Il presidente Usa afferma, invece, di essere dentro questa storia assumendosi la responsabilità di Gaza. E Israele, quale ruolo avrebbe in questo progetto veterocoloniale? Questo è il nodo cruciale: la frase di Trump dà alla lettura di Israele come ultimo stato coloniale d’insediamento, già elaborata da tutta l’intellighentsjia palestinese e da buona parte degli studi internazionali di area, un sostegno che mai avrebbero pensato, e men che mai desiderato.
La retorica trumpiana, dunque, usa un armamentario anacronistico, visto che, almeno dal punto di vista formale, la legalità internazionale proibisce e sanziona tutto ciò che Trump vorrebbe fare. Non può essere uno Stato, neanche una superpotenza, a decidere la deportazione di una popolazione, per giunta nativa, da un territorio: è un crimine contro l’umanità. Non si può occupare un territorio (Gaza), né deciderne il futuro. Non si può bypassare l’Onu, tagliare i finanziamenti alle sue agenzie, e addirittura disconoscerne il ruolo, senza che vi siano dei contraccolpi.
Israele, in questa retorica trumpiana, è decisamente subalterno.

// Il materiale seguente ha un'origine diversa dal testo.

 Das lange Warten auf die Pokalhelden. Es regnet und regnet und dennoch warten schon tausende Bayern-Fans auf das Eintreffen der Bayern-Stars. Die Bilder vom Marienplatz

Cosa che, però, non preoccupa la destra razzista e il cosiddetto centro-destra, che ne vede i guadagni senza accorgersi di quanto queste parole incidano sulla legittimità dello stato. La chimera della Grande Israele a portata di mano, insomma, non fa vedere i rischi altissimi. Alti anche per Israele, non solo per i palestinesi, considerati addirittura oggetti, pacchi da spostare.
La prospettiva immobiliarista di Trump, d’altro canto, non può avere un’aderenza con la terra, il territorio, la storia. Deve decidere in termini di potenza, e a tavolino, una riconfigurazione rapida della regione araba e del Levante, che disinneschi la crisi e la inserisca, congelata, dentro un quadro molto più ampio che arrivi al Pacifico. Quali altre macerie possa questa politica provocare, non sembra interessare il nuovo inquilino della Casa Bianca.